▸ Aim of the exercise: Return, from the listing that follows, each line containing the word "floors".
════
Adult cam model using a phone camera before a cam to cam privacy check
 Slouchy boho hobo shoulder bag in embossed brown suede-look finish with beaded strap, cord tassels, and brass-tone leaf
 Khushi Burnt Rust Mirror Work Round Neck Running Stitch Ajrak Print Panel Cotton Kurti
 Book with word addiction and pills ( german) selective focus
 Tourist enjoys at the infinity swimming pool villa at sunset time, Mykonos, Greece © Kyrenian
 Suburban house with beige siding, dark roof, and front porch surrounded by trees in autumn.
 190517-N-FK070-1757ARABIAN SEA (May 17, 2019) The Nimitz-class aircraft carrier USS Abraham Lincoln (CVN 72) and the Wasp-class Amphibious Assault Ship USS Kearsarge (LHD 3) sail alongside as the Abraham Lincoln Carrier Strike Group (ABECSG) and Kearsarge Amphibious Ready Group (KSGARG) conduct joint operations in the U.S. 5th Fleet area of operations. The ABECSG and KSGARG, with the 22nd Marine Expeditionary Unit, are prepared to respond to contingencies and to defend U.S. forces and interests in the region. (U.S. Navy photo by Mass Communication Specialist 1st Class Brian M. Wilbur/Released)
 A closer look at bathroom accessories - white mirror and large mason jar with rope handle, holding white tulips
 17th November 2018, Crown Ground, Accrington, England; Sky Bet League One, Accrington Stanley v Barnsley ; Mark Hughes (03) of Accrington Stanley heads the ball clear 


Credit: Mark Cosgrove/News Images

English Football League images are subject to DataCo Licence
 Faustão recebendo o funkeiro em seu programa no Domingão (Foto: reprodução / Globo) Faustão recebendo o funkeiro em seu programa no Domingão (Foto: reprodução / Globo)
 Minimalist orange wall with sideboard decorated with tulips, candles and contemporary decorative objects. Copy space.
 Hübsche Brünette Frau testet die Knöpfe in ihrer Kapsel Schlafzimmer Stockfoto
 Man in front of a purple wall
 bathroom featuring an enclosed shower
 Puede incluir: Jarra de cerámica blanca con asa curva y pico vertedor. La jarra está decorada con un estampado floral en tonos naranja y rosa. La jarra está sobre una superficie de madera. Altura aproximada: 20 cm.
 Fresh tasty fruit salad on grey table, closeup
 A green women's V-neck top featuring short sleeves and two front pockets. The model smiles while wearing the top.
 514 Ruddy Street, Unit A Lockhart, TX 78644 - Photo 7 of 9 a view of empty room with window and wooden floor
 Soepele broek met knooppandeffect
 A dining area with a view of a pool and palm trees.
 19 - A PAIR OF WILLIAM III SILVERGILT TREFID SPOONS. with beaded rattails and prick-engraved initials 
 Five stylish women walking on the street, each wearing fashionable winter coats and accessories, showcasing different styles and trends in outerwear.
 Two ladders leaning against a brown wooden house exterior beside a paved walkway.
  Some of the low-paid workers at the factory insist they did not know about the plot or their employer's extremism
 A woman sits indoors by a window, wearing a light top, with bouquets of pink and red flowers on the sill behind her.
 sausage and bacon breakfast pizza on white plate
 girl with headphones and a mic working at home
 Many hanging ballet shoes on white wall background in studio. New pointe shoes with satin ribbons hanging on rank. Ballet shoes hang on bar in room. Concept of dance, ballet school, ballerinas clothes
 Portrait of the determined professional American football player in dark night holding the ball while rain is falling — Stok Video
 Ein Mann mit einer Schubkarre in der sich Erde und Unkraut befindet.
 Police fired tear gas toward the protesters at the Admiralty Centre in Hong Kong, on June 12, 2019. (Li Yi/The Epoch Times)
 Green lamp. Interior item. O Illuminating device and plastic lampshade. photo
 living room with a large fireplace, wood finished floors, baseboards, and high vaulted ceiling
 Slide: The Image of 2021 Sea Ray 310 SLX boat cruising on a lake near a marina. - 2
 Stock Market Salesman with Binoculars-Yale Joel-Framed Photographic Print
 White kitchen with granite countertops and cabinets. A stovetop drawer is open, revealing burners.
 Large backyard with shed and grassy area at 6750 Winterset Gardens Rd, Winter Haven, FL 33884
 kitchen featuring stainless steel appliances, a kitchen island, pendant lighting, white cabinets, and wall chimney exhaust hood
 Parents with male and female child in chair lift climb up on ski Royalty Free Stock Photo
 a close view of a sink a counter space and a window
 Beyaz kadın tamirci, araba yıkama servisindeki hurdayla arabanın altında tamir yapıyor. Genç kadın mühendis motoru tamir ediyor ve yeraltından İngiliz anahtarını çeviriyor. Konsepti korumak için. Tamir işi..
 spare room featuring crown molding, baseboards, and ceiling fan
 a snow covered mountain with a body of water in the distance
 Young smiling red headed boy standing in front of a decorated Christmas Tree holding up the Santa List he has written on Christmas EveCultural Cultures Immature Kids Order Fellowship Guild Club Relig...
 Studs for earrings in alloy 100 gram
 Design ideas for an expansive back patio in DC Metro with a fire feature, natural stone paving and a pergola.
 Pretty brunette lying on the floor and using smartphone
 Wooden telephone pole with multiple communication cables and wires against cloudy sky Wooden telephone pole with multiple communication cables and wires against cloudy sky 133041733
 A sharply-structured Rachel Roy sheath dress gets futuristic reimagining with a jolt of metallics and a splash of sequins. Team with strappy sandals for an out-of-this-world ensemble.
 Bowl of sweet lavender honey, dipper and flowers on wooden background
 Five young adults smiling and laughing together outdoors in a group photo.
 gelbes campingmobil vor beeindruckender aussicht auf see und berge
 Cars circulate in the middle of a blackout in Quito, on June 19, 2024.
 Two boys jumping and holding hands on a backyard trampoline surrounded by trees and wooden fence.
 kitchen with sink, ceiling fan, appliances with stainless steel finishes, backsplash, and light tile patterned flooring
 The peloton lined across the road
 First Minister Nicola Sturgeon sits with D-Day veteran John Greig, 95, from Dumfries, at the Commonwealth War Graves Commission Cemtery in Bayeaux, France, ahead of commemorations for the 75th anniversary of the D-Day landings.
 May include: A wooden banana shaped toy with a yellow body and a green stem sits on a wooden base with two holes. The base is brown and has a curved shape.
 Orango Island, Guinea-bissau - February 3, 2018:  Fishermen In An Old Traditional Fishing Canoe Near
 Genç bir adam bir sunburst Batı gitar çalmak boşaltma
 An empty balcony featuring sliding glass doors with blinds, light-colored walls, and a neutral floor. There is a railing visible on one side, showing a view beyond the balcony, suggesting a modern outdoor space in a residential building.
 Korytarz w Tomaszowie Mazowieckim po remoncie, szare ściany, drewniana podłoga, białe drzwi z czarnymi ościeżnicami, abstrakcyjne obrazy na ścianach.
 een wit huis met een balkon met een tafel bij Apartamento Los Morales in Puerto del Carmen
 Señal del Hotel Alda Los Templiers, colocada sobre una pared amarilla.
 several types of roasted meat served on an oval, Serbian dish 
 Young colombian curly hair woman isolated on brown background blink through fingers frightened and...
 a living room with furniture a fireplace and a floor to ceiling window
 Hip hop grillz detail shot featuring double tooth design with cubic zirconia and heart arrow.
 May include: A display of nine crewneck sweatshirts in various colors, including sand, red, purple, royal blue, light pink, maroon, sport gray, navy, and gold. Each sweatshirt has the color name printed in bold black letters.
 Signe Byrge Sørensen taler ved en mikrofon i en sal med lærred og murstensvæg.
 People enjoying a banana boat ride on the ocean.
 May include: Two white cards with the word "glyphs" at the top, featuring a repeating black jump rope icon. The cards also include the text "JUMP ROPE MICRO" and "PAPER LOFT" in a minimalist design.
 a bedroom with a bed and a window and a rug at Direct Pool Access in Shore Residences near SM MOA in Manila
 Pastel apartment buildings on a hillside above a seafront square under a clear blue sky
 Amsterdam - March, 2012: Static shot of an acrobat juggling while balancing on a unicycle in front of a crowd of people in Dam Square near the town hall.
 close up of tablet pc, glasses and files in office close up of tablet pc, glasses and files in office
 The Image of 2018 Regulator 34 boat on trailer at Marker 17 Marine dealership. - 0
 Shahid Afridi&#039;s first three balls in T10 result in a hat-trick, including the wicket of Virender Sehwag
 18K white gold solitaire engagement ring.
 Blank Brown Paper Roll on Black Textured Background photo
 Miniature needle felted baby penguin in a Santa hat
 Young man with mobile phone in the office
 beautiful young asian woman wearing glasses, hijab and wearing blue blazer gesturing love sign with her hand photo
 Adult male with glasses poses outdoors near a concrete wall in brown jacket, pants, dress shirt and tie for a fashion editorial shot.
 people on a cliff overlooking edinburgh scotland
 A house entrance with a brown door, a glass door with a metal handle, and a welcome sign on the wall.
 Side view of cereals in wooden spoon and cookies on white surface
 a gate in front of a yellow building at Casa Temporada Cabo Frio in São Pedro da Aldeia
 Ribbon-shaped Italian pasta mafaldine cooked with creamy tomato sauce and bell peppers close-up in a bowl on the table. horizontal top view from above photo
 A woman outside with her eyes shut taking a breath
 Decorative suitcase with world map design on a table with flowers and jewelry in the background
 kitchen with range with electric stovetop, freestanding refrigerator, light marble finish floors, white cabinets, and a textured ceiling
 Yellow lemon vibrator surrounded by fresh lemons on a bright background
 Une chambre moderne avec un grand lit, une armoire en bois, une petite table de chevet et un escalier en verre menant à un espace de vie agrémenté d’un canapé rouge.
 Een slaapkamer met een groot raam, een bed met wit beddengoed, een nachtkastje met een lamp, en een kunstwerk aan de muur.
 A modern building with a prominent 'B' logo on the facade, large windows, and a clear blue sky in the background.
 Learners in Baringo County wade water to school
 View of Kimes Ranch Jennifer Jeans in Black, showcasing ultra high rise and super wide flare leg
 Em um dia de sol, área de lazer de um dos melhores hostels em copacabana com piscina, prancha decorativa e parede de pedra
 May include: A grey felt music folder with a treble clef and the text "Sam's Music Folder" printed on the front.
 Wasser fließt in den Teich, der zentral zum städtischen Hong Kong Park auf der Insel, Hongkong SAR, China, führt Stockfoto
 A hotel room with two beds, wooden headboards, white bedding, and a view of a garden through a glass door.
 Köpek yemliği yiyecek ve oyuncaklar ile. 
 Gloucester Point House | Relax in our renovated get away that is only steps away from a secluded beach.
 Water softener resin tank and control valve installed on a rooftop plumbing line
════
▸ Solution for this problem:
 living room with a large fireplace, wood finished floors, baseboards, and high vaulted ceiling
 kitchen with range with electric stovetop, freestanding refrigerator, light marble finish floors, white cabinets, and a textured ceiling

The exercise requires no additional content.